# Microsoft IntelliMouse Explorer for Bluetooth (2.0) - Wheel

## Strunzdesign

Hi,

I'm not sure where to put this topic... is it desktop-

or kernel related? IMHO it's bluetooth related so I've

put it here. Sorry in advance  :Smile: 

I have a new mouse/keyboard combo by Microsoft:

"Microsoft Optical Desktop Elite for Bluetooth".

There were no big problems to activate the keyboard

and basic mouse support in Xorg. But I failed to activate

support for the mouse wheel (which is a four directions

"tilt" wheel) and the two side-buttons.

1.) /etc/X11/xorg.conf

I Tried a lot of combinations of "ZAxisMapping",

"Buttons" und "Protocol", which never worked.
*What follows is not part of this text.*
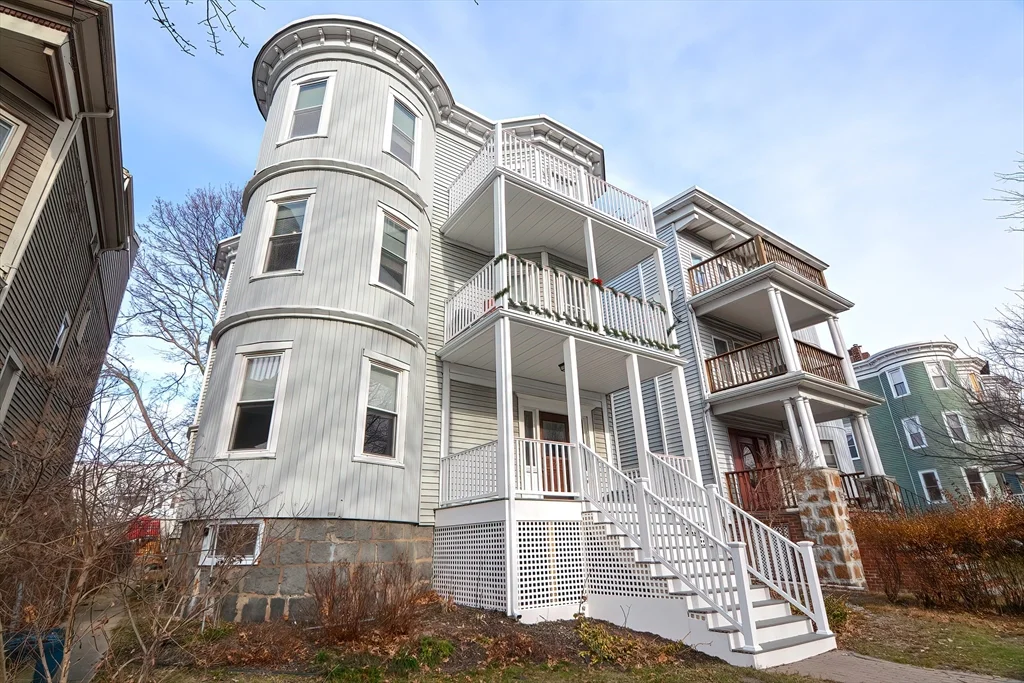 3 bed, 1 bath apartment for rent at 762 Columbia Rd Unit 1, Dorchester — photo 27 of 29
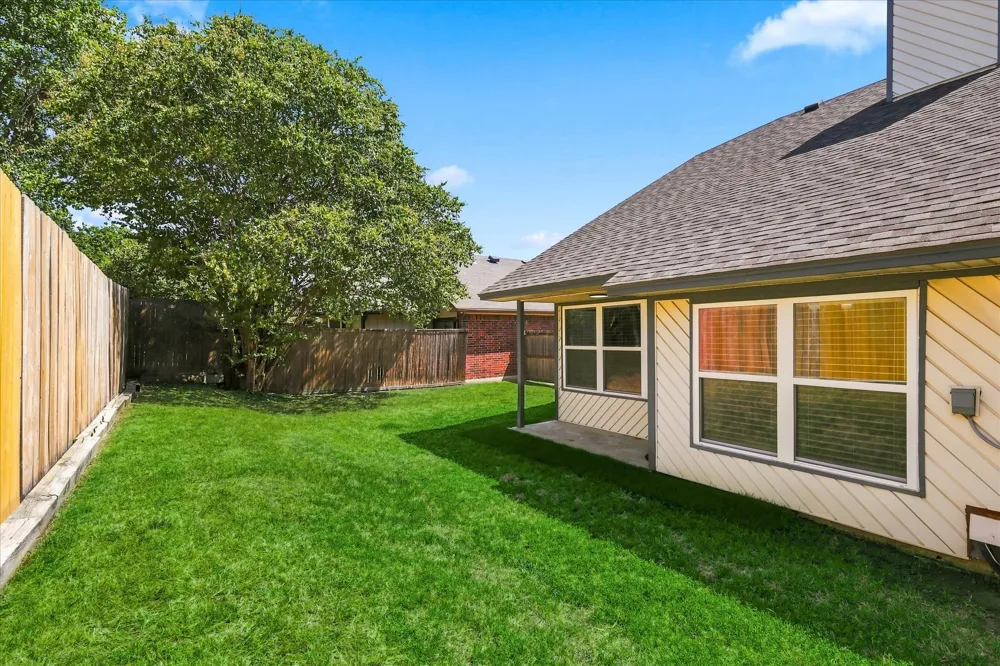 956 Sylvan Creek Drive Lewisville, TX 75067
IMHO it's not an Xorg related problem:

2.) cat /dev/input/mice  or   cat /dev/input/mouseX

I get a lot of characters when moving the mouse,

which is ok. But the mouse wheel and the tilt-function

do not result in "garbage" like moving the mouse does.

It's the same with the both keys for the thumb

on the left side of the mouse.

Ok, no "events" in /dev/input/mice... no chance for xorg!

3.) hcidump

I installed hcidump and looked at the type of transferred

data between HCI and mouse. Moving the mouse results in

a flood of messages related to ACL data (Data transfer).

But: Scrolling the wheel does NOT!

Test: "Single click with left mouse button"

root@powerstation florian # hcidump

HCIDump - HCI packet analyzer ver 1.9

device: hci0 snap_len: 1028 filter: 0xffffffff

> HCI Event: Mode Change (0x14) plen 6

> ACL data: handle 0x0007 flags 0x02 dlen 9

    L2CAP(d): cid 0x41 len 5 [psm 0]

> HCI Event: Mode Change (0x14) plen 6

> HCI Event: Mode Change (0x14) plen 6

> HCI Event: Mode Change (0x14) plen 6

> ACL data: handle 0x0007 flags 0x02 dlen 9

    L2CAP(d): cid 0x41 len 5 [psm 0]

> HCI Event: Mode Change (0x14) plen 6

> HCI Event: Mode Change (0x14) plen 6

> HCI Event: Mode Change (0x14) plen 6

> HCI Event: Mode Change (0x14) plen 6

===CTRL-C===

-> You see some HCI events and two entrys showing

"ACL data". I'm not sure what the HCI events mean, but

the first "ACL data" was generated by pressing the button,

the second when it was released.

Test: "Scroll upwards, scroll wheel"

root@powerstation florian # hcidump

HCIDump - HCI packet analyzer ver 1.9

device: hci0 snap_len: 1028 filter: 0xffffffff

> HCI Event: Mode Change (0x14) plen 6

> HCI Event: Mode Change (0x14) plen 6

> HCI Event: Mode Change (0x14) plen 6

> HCI Event: Mode Change (0x14) plen 6

===CTRL-C===

No data transferred, only four "Events".

The first two events occour when starting scrolling,

the last both one second after stopping scrolling. 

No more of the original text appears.